Sehnsucht nach Leben im Geisterhaus: Olga Bachs Ibsen-Adaption „Die Frauen vom Meer“ im Theater RambaZamba.

Die Frage, was auf Ibsen folgen könnte, hat ja schon manche Dramatikerin beschäftigt. Elfriede Jelinek zum Beispiel: „Was geschah, nachdem Nora ihren Mann verlassen hatte?“ Ähnliches überlegt die junge Olga Bach in ihrer emanzipatorischen Fortschreibung „Die Frauen vom Meer“, Plural also.

Die Handlung setzt einige Jahre nach dem Klassiker ein, wir erinnern uns: Ellida war hin- und hergerissen zwischen ihrer unbefriedigenden Ehe mit dem Arzt Doktor Wangel und der Sehnsucht nach einem schmucken Seemann. Entschied sich jedoch, als ihr die „freie Wahl“ gelassen wurde, bei Mann und Stieftöchtern zu bleiben. So geht Glück. Oder nicht?

Bei Bach ist Wangel tot. Woran Ellida, so viel darf man wohl verraten, nicht ganz unschuldig ist. Immerhin bleibt der Doktor als Geist im norwegischen Küstenheim und hält Zwiesprache mit seiner Ex, die einen guten Kommunikationsdraht ins Jenseits hat. Was direkte Fortsetzungen der Ibsen-Dialoge ermöglicht. „Du erlaubtest mir, dich zu verlassen“, wirft Ellida dem Verstorbenen vor. „Siehst du“, sagt Wangel. „Da verwechselst du Großmut mit Gönnerhaftigkeit“, gibt Ellida zurück. Guter Punkt.

Es ist ein stimmungsvolles, suggestives Geisterhaus voll Meeres- und Mythen-Rauschen, das Olga Bach in ihrem Text errichtet. Bevölkert hat sie es vor allem mit dem bekannten Ibsen-Personal, im Zentrum die Wangel-Töchter Hilde und Bolette, die sich nach alter Sitte Langweiler-Ehemänner wie Arnholm gewählt haben und recht perspektivlos durch die Tage driften, Tschechow-Style, irgendwo in der Nähe von „Bergmarktrøntholmefjordkristianshusheim“. Norwegen nervt.

Die Wangel-Töchter und ihre Langweiler-Ehemänner

Dazu gesellen sich Lyngstrand, hier umgedichtet zur Malerin mit schwerem Herzfehler, sowie Undine, ihres Zeichens Wassergeist mit dem unbedingten Wunsch, menschliche Gestalt annehmen zu dürfen. Was aber nur glücken kann, wenn sie passgerecht ins Gemälde gebannt wird. Bitter genug, dass sie ihren frisch gewonnenen Leib letztlich auch nur an den nächsten Deppen verschenken wird. Lernen Frauen eigentlich nichts dazu? Und was bedeutet Freiheit heute?

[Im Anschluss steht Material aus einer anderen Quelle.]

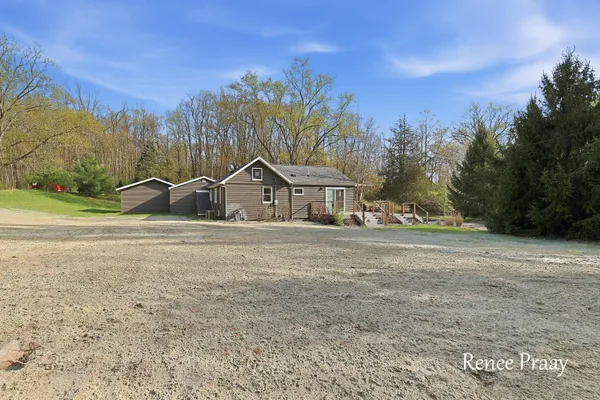 $529,900 | 8619 Fulton Street East, Ada, MI 49301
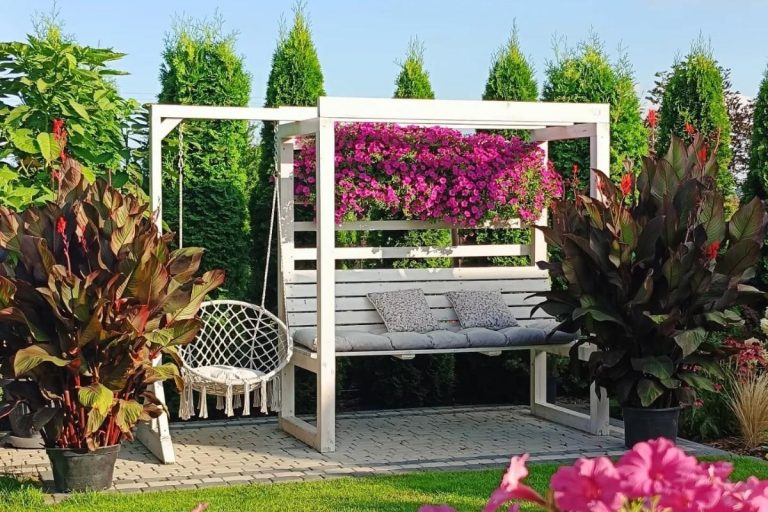 A imagem retrata um ambiente de jardim com estrutura em madeira branca, criando um espaço de descanso. Há um balanço de macramê ao lado e um banco acolchoado com almofadas. Plantas vibrantes e flores roxas embelezam o local.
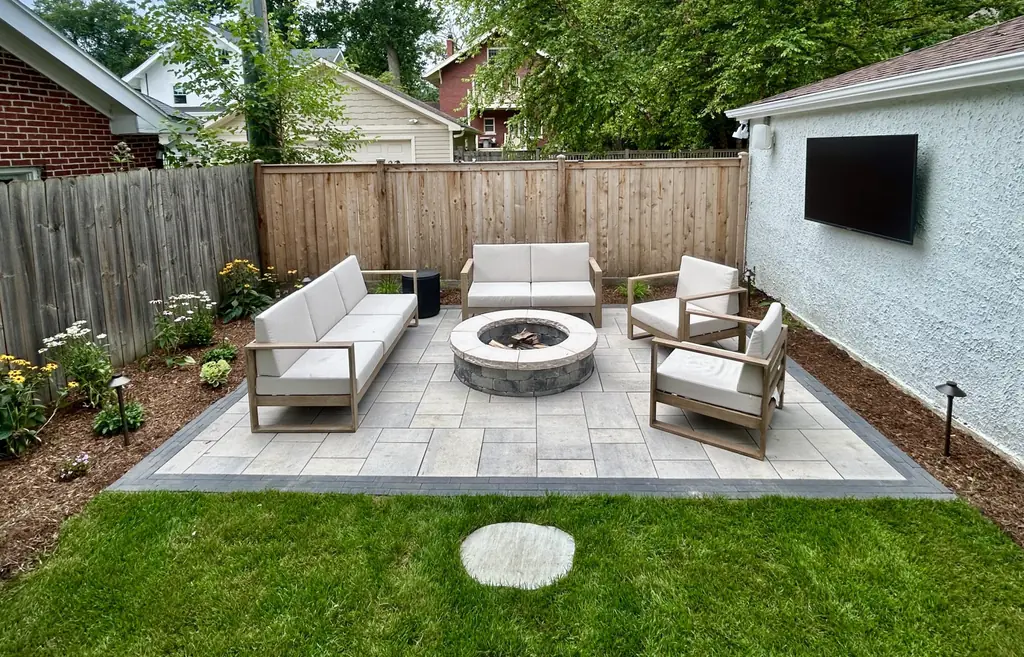 Fire pit with outdoor seating on a new paver patio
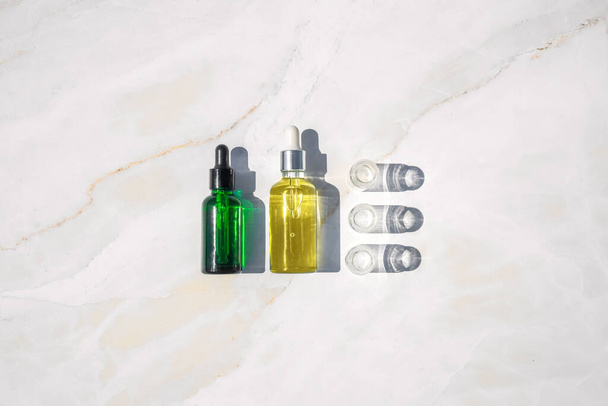 Aceite homeopático, suero y botellas con plantas sobre fondo de mármol
 - Foto, imagen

Fragen, die Olga Bach in ihrem Stück ironisch, dringlich und poetisch zugleich zur Disposition stellt. Ein toller Text. Sie ist ja 2017 zur Nachwuchsdramatikerin des Jahres gewählt worden, ihr Stück „Die Vernichtung“ war in der Regie von Ersan Mondtag zum Theatertreffen eingeladen. Umso erfreulicher, dass das Theater RambaZamba ihre „Frauen vom Meer“ als Uraufführung bekommen hat. Die Autorin ist zwar nicht zur Premiere erschienen, weil ihr der Einstieg mit einem Fremdtext von Elisabeth Borchers nicht passte. Aber das ist Theaternebengeräusch.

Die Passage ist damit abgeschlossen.